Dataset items
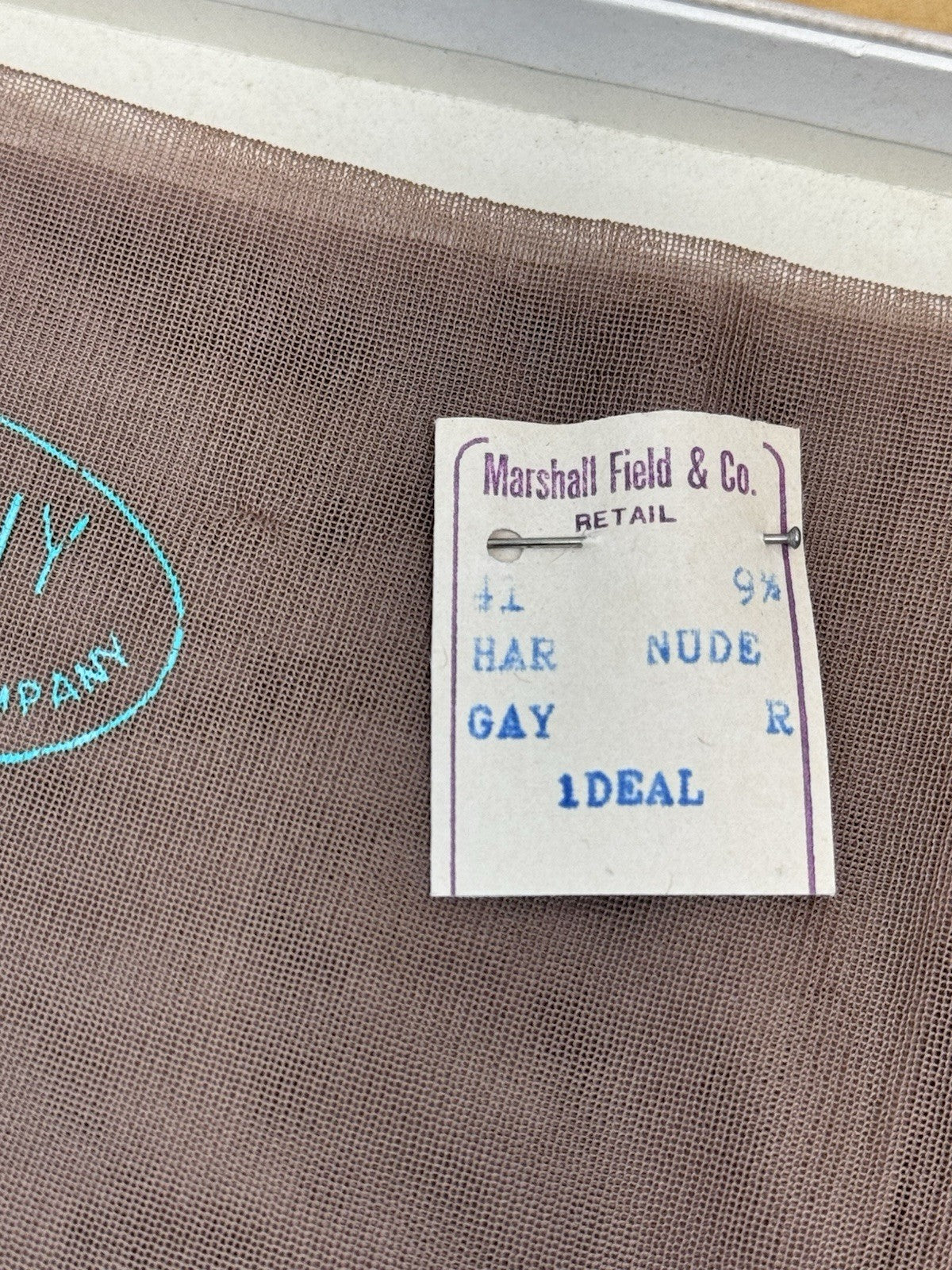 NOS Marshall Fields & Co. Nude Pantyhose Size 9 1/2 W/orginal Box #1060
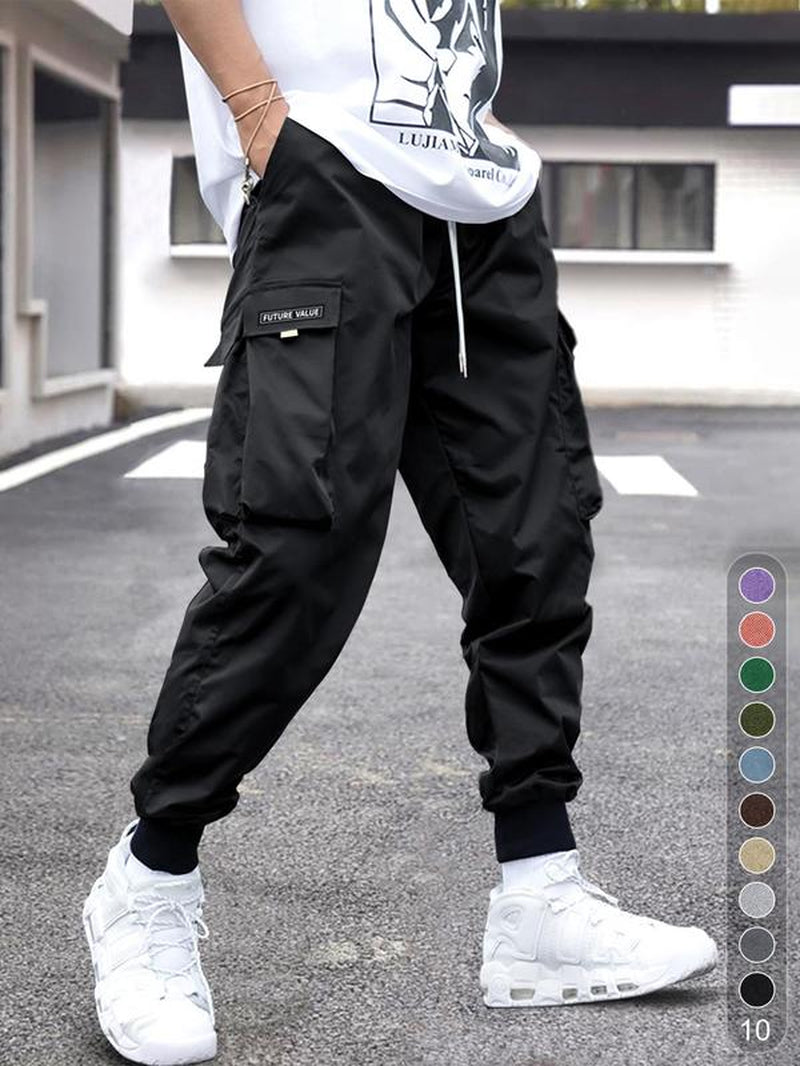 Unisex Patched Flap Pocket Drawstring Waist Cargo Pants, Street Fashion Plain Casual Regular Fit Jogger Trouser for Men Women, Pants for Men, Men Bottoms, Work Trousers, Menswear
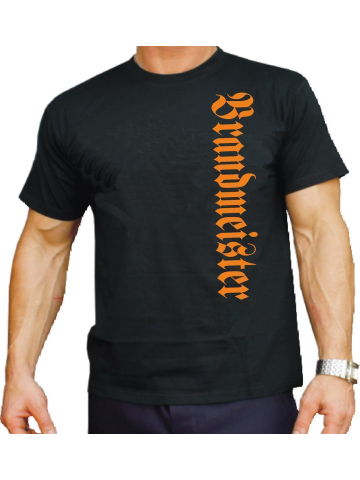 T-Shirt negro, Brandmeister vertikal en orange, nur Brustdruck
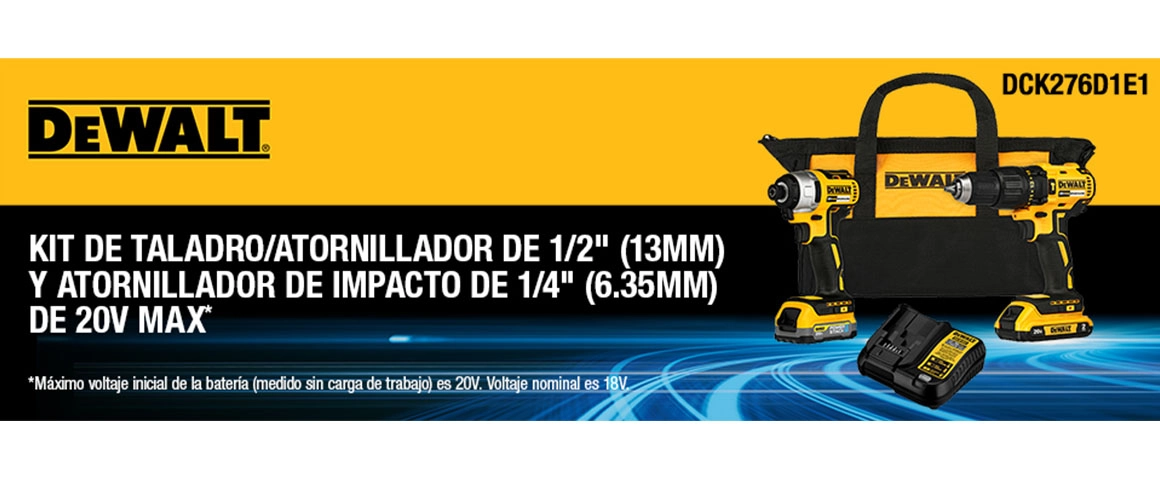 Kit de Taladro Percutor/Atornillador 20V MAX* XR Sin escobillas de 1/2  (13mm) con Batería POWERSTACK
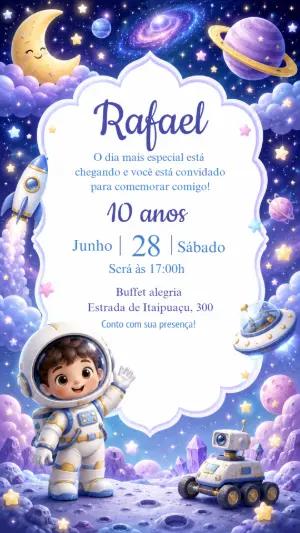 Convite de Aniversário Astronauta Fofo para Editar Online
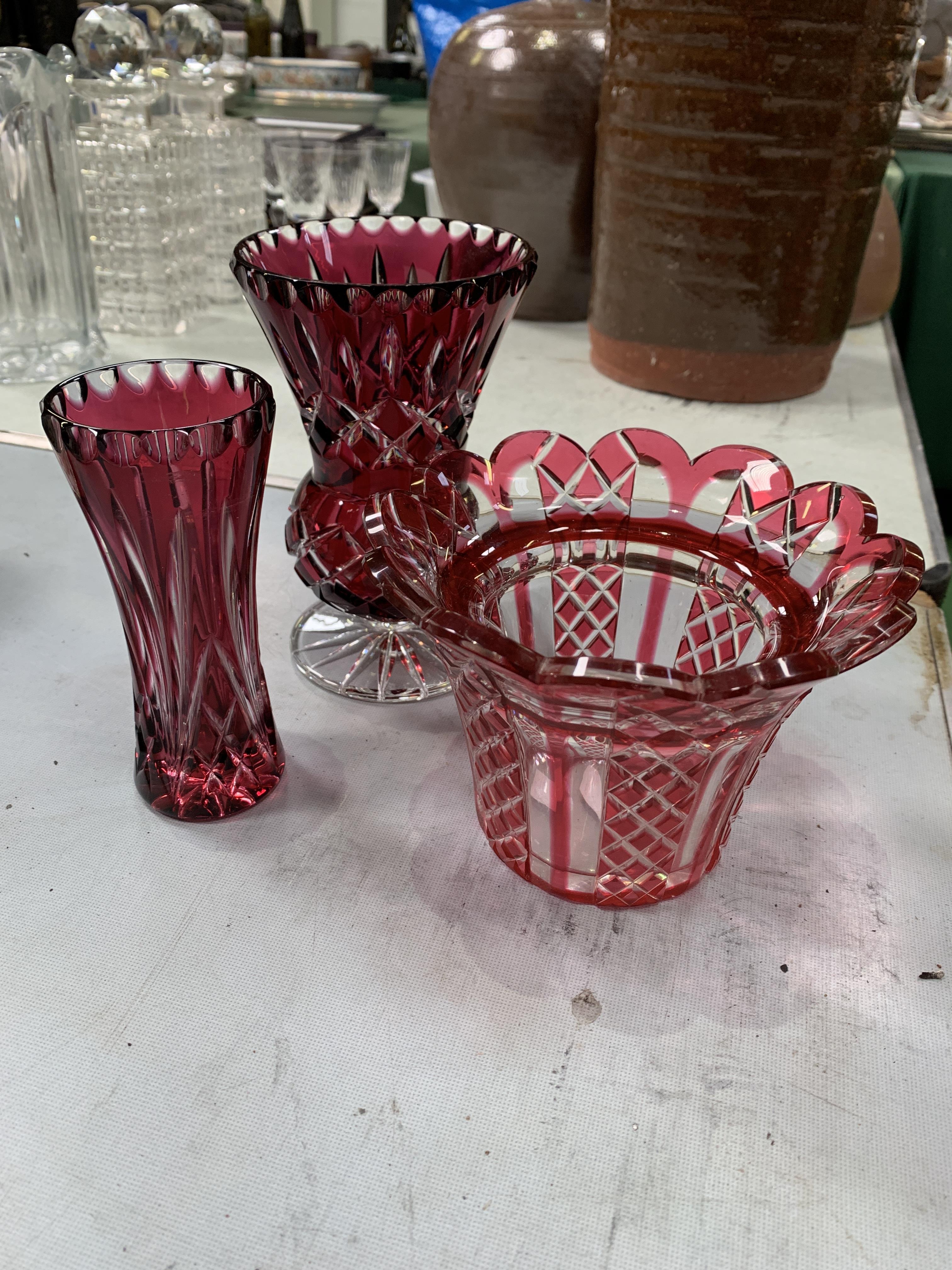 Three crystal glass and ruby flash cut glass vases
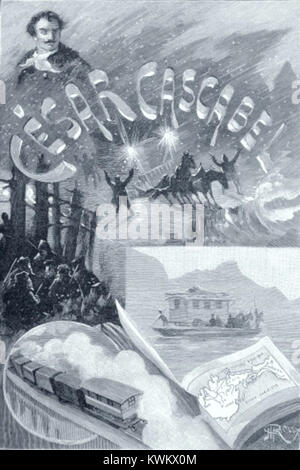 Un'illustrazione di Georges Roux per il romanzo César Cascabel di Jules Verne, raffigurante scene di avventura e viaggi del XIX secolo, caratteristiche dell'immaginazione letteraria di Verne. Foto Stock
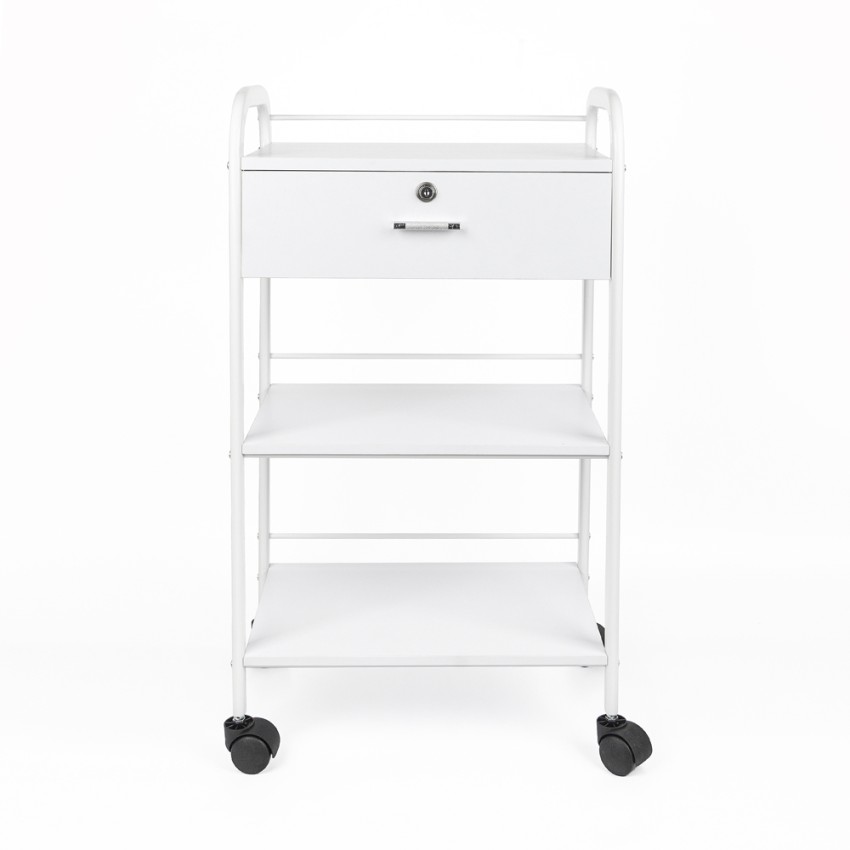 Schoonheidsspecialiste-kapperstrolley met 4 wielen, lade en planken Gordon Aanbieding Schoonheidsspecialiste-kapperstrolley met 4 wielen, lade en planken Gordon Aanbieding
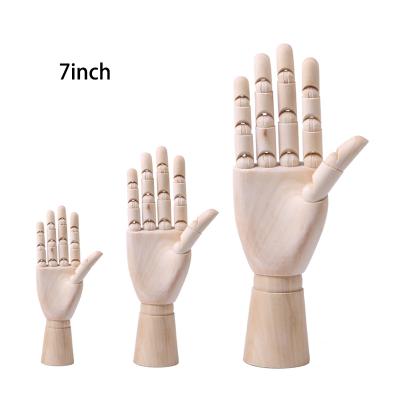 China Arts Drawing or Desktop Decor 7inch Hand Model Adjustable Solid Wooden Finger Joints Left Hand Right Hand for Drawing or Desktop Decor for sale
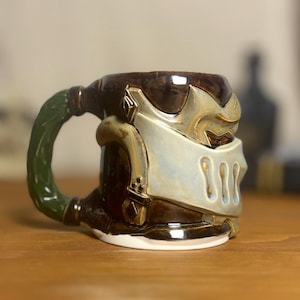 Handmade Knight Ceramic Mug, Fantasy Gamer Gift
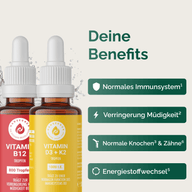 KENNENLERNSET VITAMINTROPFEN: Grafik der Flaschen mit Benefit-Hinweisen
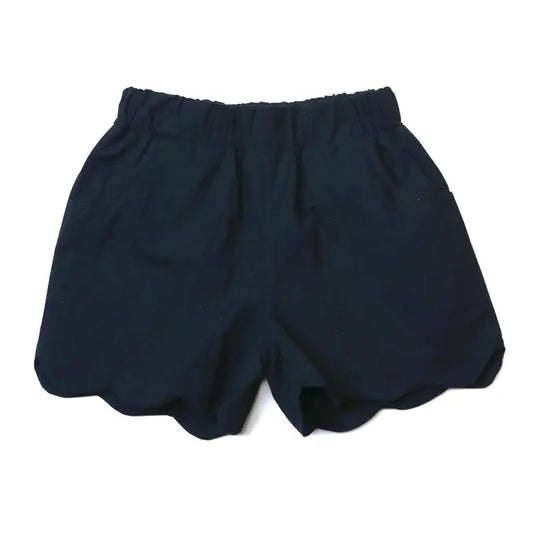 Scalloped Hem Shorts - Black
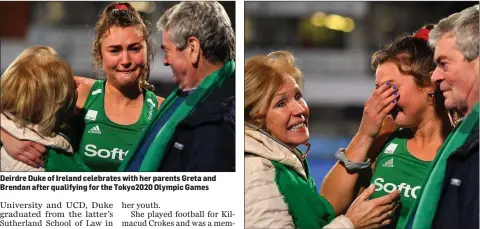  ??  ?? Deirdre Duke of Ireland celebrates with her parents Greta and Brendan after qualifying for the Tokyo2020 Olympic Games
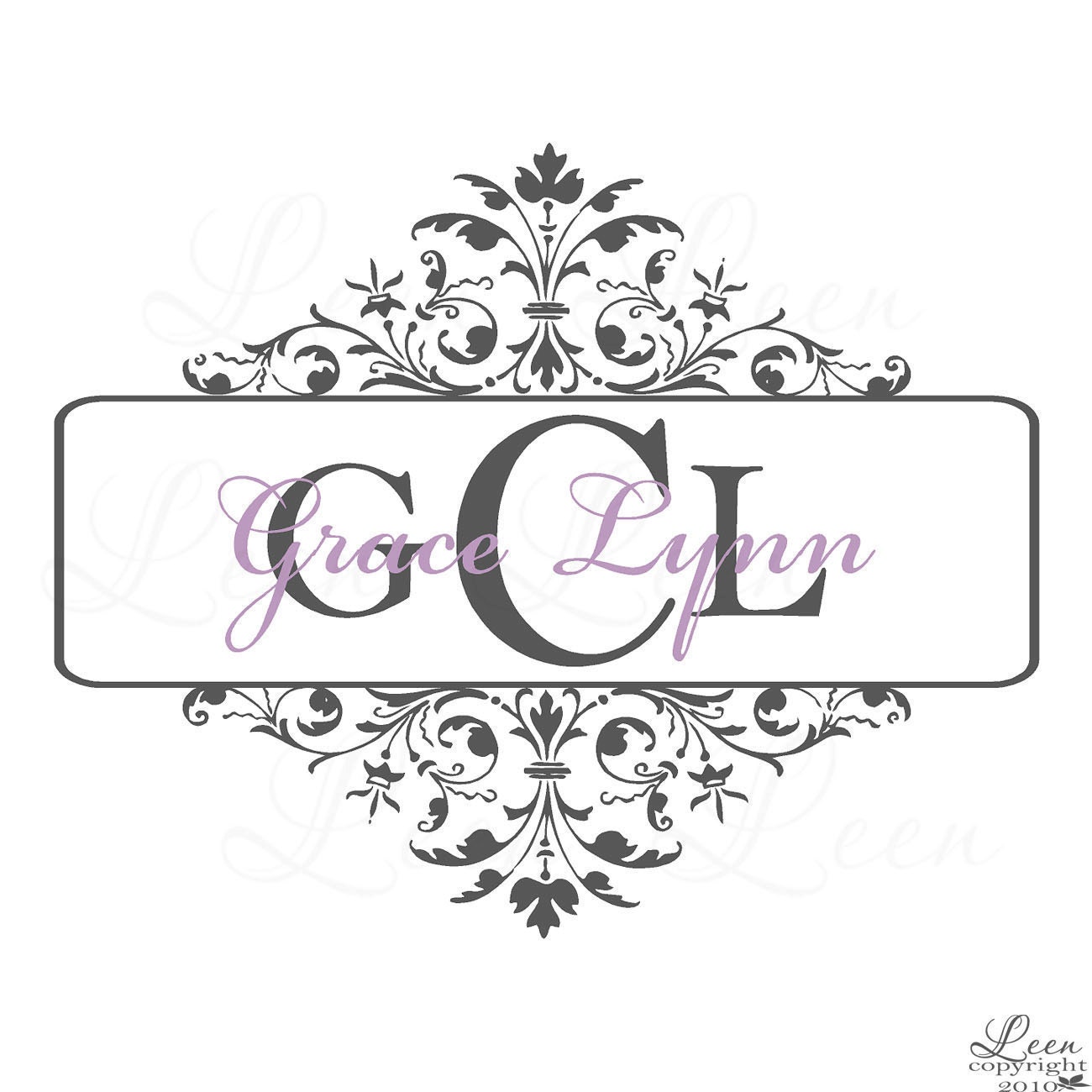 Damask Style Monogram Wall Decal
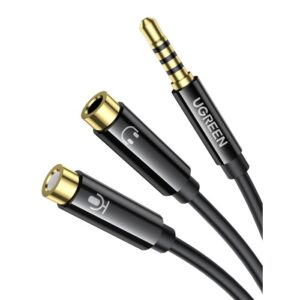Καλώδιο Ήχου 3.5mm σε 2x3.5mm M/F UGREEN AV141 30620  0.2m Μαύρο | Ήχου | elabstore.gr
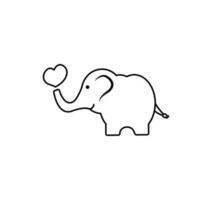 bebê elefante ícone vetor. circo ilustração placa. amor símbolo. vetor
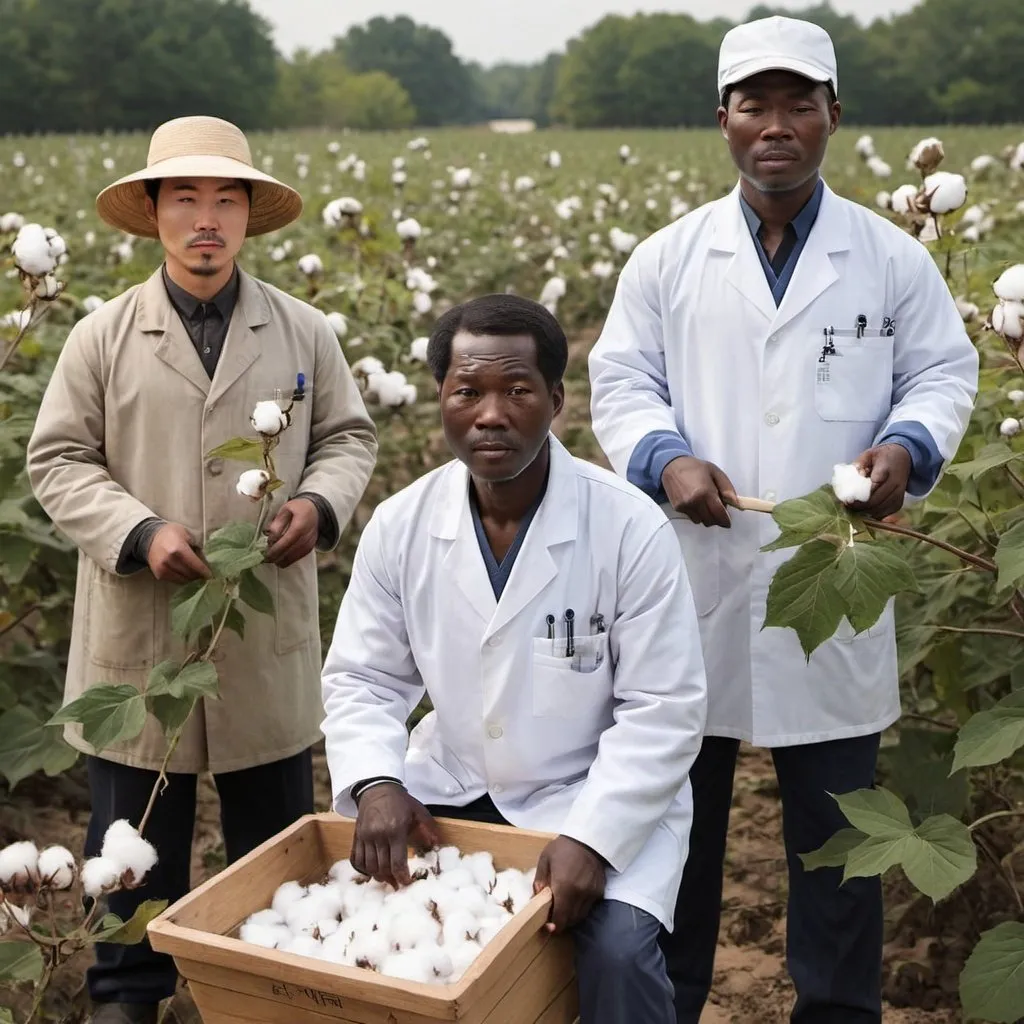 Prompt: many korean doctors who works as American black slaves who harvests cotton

Prompt: Above are entries with pictures among them. Write out exactly the lines from the one containing "Convite de Aniversário" through the one containing "bebê elefante ícone", ends included, and leave those pictures out.

Answer for this exercise:
 Convite de Aniversário Astronauta Fofo para Editar Online
 Three crystal glass and ruby flash cut glass vases
 Un'illustrazione di Georges Roux per il romanzo César Cascabel di Jules Verne, raffigurante scene di avventura e viaggi del XIX secolo, caratteristiche dell'immaginazione letteraria di Verne. Foto Stock
 Schoonheidsspecialiste-kapperstrolley met 4 wielen, lade en planken Gordon Aanbieding Schoonheidsspecialiste-kapperstrolley met 4 wielen, lade en planken Gordon Aanbieding
 China Arts Drawing or Desktop Decor 7inch Hand Model Adjustable Solid Wooden Finger Joints Left Hand Right Hand for Drawing or Desktop Decor for sale
 Handmade Knight Ceramic Mug, Fantasy Gamer Gift
 KENNENLERNSET VITAMINTROPFEN: Grafik der Flaschen mit Benefit-Hinweisen
 Scalloped Hem Shorts - Black
  ??  ?? Deirdre Duke of Ireland celebrates with her parents Greta and Brendan after qualifying for the Tokyo2020 Olympic Games
 Damask Style Monogram Wall Decal
Καλώδιο Ήχου 3.5mm σε 2x3.5mm M/F UGREEN AV141 30620  0.2m Μαύρο | Ήχου | elabstore.gr
 bebê elefante ícone vetor. circo ilustração placa. amor símbolo. vetor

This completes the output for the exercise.